In the DualShield Platform, there is a dedicated service portal for resetting passwords, DualShield Reset Password (DRP) portal.
Set up Reset Password Portal
Set up Logon Procedure
Logon Procedure defines how users will be authenticated when they attempt to login to the portal. You can define a logon procedure of 1-step, 2-step and 3-step verification, for instance.
In the Admin Console, select "Logon Procedures"
There is a pre-defined logon procedure named "Reset Password Service".
To change its logon steps, click its context menu, select "Logon Steps"
You can define the logon steps according to your own requirements. Obviously, you do not want to include Static Password in the logon procedure.
For resetting passwords, Authorisation Code and Security Questions are commonly used to verify users. You can include either or both of them depending on the level of security that you wish to acheive.
Set up Application
In the Admin Console, select "Applications"
There is a pre-defined application named "Reset Password Service"
Normally, you do not have to make changes to the default setup.
Set up Realm
Realm is a group of user domains. It defines who is allowed to access the application that's associated with the realm.

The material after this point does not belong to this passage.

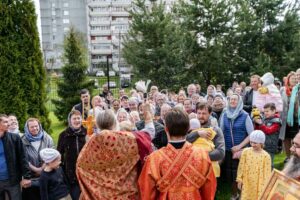 Архиерейское богослужение в посёлке санатория «Подмосковье»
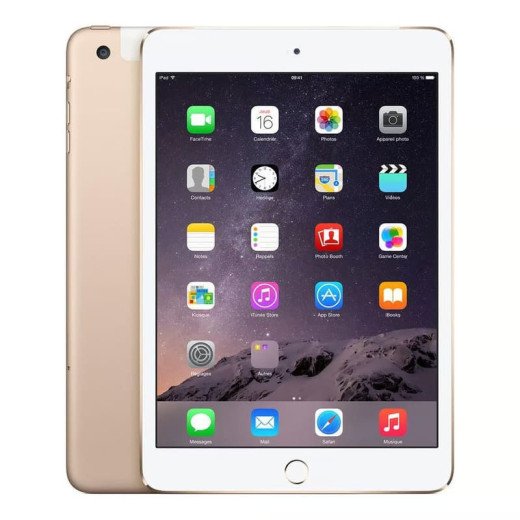 Apple iPad mini 3 -  pouces 7,9 - Wi Fi + 4G - 128Go - Puce A7 - Or Doré - Garantie 1 an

In the Admin Console, select "Realm"
There is a pre-define realm named "Deployment Service"
You must change the domains that are to be included in this realm, e.g. deepnetmfa.com
The URI of the DualShield Reset Password portal is:
https://your-dualshield-fqdn:8076/drp
If you want to allow users to access DRP from the public network then you must set up port forwarding on your firewall.
User Experience
Users will be prompted to enter their username first
Then, users will be prompted to authenticate themselves.
How the users will be authenticated depends on how the logon procedure is defined for DRP.
Typically, authorization codes are used to verify users:
Security Questions are also commonly used to verify users:
Once the user has been successfully verified, they will be allowed to reset their password.